The Grandmaster could not have moved herself, and the enemy’s interest was long spent—so who?
As Isaac searched in alarm, Sharen spoke, trying to calm him.
“Someone named Damien carried her off! Please, Isaac, fall back—you’re in no shape!”
“Damien …?”
The Grandmaster’s sole remaining disciple—a former thief who, in a past life, had betrayed them?
The thought hit like a hammer, yet relief was greater. He’d heard Damien was with the northern retaking force, operating alone; apparently he’d shadowed the Grandmaster, ready to act.
Impossible, had Isaac not drawn every eye. Intentional or not, his flashy provocation had stolen all attention—
And in the end, saved the Grandmaster’s life.
“Thank goodness …”
Tears of relief brimmed, but he blinked them away; nothing was over yet.
“Ah, Helmut—my former name. To see it flourish so splendidly stirs old memories.”
“...”
“I am Hellic. The ‘Helmut’ you bear was taken from me.”

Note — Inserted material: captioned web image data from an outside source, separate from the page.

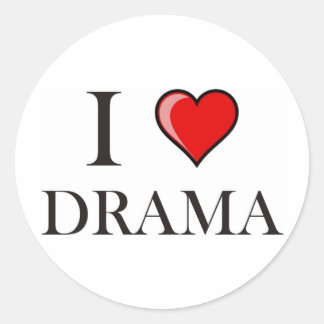 I Liebe Drama Runder Aufkleber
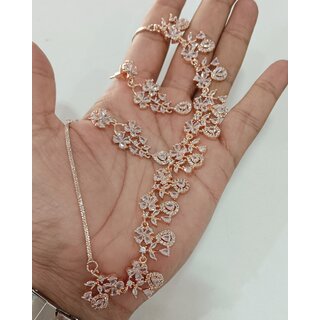 Vidya Balan Inspired Original Quality AAA CZ Stones Rosegold Jewellery Set view 2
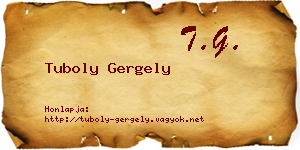 Tuboly Gergely névjegykártya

Shocking, no doubt: Lohengrin and Sharen stared at Hellic in open dismay—
After all, they had just learned they were half‑Transcendent.
Anyone would be rattled.
“—So what?”
Everyone except Rihanna Helmut.
Greatsword in hand, Rihanna looked up at Hellic.
“Pointless talk won’t change a thing.”
The blade she gripped with both hands exhaled the crimson aura far denser than what she had released with her fists earlier.
“Heh—how paltry.”
Hellic only sneered. As though his supply were limitless, he gathered more crimson steel, and the Extinction attack began charging again.
****
“Endure … and we win.”
Isaac steadied his breath as he spoke.
Still watching Hellic, Rihanna asked,
“What do you mean?”
“He can’t stay here forever.”
Hellic’s eyes widened a fraction; then his gaze swung back to Isaac.
“You moved the Malidan Barrier with ritual. I’ve figured out what that price is.”
Fighting down the urge to retch, Isaac continued. Ever since he’d seen No. 2—the Grandmaster’s fellow disciple—blink out, he was certain.
Irregular, simultaneous warps were hitting every Transcendent troop.
“That distortion itself is the price.”
Think about it: from the very start, Transcendents kept tearing space to appear here, only to be wiped out piecemeal.
Thirty together could wreck an entire flank; why did they keep popping up alone?
One reason:
They couldn’t control it either.
The first Heukgyeon incident, the startled ones who plummeted into the center of the force—each had been yanked through space because of the price.
“Ha.”
Hellic’s eyes curved to crescents.
“Hahaha! You really do pierce everything, don’t you? Know us that well?”
He let go of his staff and clapped; the staff hovered, locked in place beside him.
“We twist space, so we bear the responsibility—that is our cost.”
“So that thing will vanish soon, too?” Lohengrin asked.
Isaac merely dipped his chin. Every invader so far had blinked back after a while; Hellic’s own time had to be running short.
“But you’ve missed one point—I have some skill in those ritual arts.”
Indeed, what he wielded looked more staff than sword.
“As one who uses rituals, I can resist. Say, long enough to kill all of you?”
Even when he first arrived, Transcendents around him had warped in en masse. That, too, was likely not teleportation but a delay—he’d deferred the cost.
“In simple terms—”
-Srng.
Rihanna nodded, perfectly calm.
“—smack him once, and he pops home on his own.”
Isaac drew a breath and stepped forward beside her.
“Exactly.”
Hellic studied the pair before him and smiled, intrigued.